Thursday, December 18, 2014

Peshawar’s children deserve an answer




The time has come to mount an allied global offensive against terror
The inevitable conclusion is that terrorism today, unlike the political violence of the ’60s and ’70s when it was a means to achieve a political goal, is an end in itself

Thirteen years after the “war on terror” was launched, it is clear that terrorism has won. After the slaughter of 132 school children in Peshawar by the Taliban, it is useless to pretend the world is a safer place. Estimates show that terrorist attacks worldwide have quadrupled each year since 9/11.
A glance at globalincidentmap.com which tracks terrorism and other suspicious activities worldwide on a real-time basis is revealing. Each of the six continents shows some form of terrorist activity. The terror trail knows no boundaries.
According to The Global Terrorism Database, an open-source information base on terrorist events around the world, 20 years ago, the five countries most affected by terror were Turkey, Algeria, Northern Ireland, Colombia and South Africa.

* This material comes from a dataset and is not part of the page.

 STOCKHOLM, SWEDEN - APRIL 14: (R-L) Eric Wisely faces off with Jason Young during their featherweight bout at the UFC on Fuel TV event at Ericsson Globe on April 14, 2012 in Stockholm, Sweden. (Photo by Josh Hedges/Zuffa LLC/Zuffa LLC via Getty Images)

In 2013, this list is completely different and reads Iraq, Pakistan, Afghanistan, India and the Philippines.
The inevitable conclusion is that terrorism today, unlike the political violence of the ’60s and ’70s when it was a means to achieve a political goal, is an end in itself. With the Taliban turning on Pakistani children, presumably most of who were muslims, the religious underpinning has turned hazy with terrorism itself becoming a religion subscribed to by hoodlums, thugs and malcontents.
Let’s be under no illusion. There are madmen all around us and no religion or grouping is free of its loonies.
All communities need to look within and critically identify the factors in their faith that allow monstrosities of this nature to be perpetrated. But the world can no longer stand around and wait for this change from within. The time has come to mount an allied offensive against terrorism. What happened in Peshawar this week is the blowback from the soft approach to terror that even affected countries like Pakistan have taken. What is needed now is the kind of resolve and determination to fight together against evil.